WiyaouTchinde, le cache sexe de  Fiawoo

Il est l’un des acteurs de cette nouvelle crise qui se joue actuellement à la  Chambre de Commerce et d’Industrie du Togo (CCIT). Il n’est pas si étranger à ce milieu. S’il en garde un horrible souvenir suite à son départ « précipité » après avoir collectionné des piles de scandales l’ayant même conduit derrière les barreaux,  « Tontonvi », comme on l’appelle affectueusement compte prendre sa revanche. C’est bien légitime. Seulement, il devrait se montrer assez courageux et jouer carte sur table. Mais malin qu’il est, pour ne pas dire qu’il est un excellent joueur des échecs, Jonathan Fiawoo a trouvé un pion sur qui compter. WiyaouTchinde. Au fond, il est plus aisé de faire cogner deux frères de même localité (Kara) resté derrière et en tirer les profits.
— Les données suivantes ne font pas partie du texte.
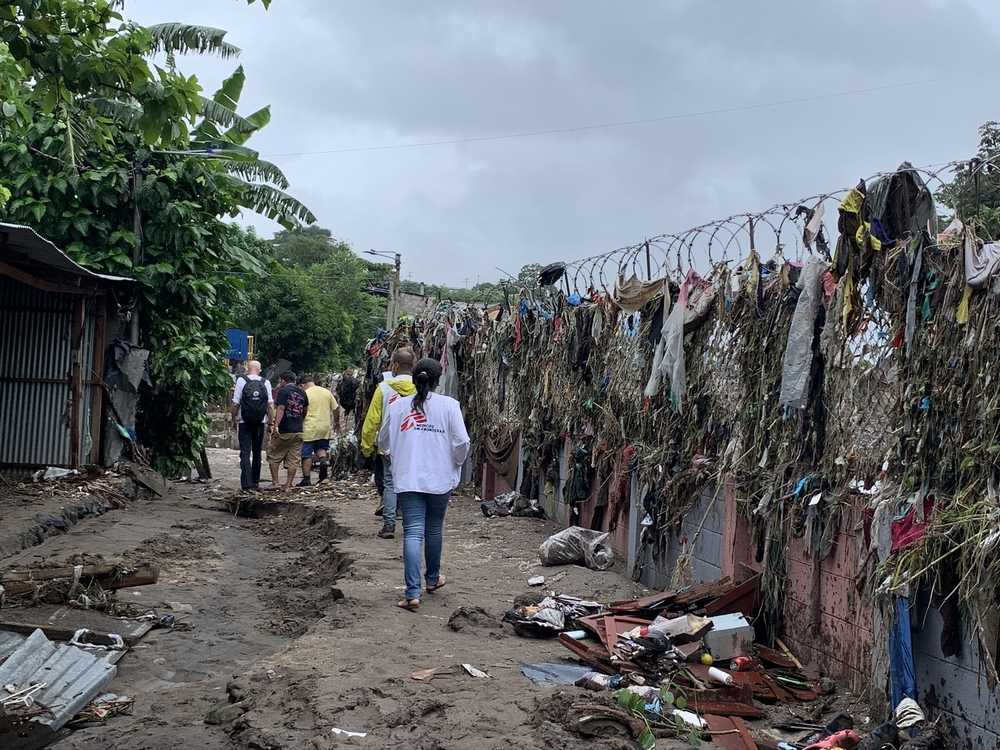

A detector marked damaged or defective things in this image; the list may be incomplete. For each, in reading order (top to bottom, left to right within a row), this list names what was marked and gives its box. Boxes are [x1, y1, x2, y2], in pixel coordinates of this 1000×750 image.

rusty corrugated metal sheet [0, 628, 117, 736]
Pour créer donc un semblant de crise à CCIT, l’ancien président Jonathan Fiawoo a sollicité le service de  l’Association Togolaise des Opérateurs Economiques (ATOE) qui est à l’origine de tout ce capharnaüm aujourd’hui. 

Loin de revenir en détail sur ce différend né de la tentative de faux et usage de faux, dont les preuves sont aujourd’hui indéniables et qui accablent les responsables de l’ATOE, il faut rappeler tout de même qu’en effet, Le 14 août dernier, Germain Meba a, au cours d’une conférence de presse, affirmé que l’ATOE tenterait de violer les règles du jeu démocratique à travers des manipulations, tentative de fraude, faux et usage de faux avant d’ajouter que l’association était inconnue.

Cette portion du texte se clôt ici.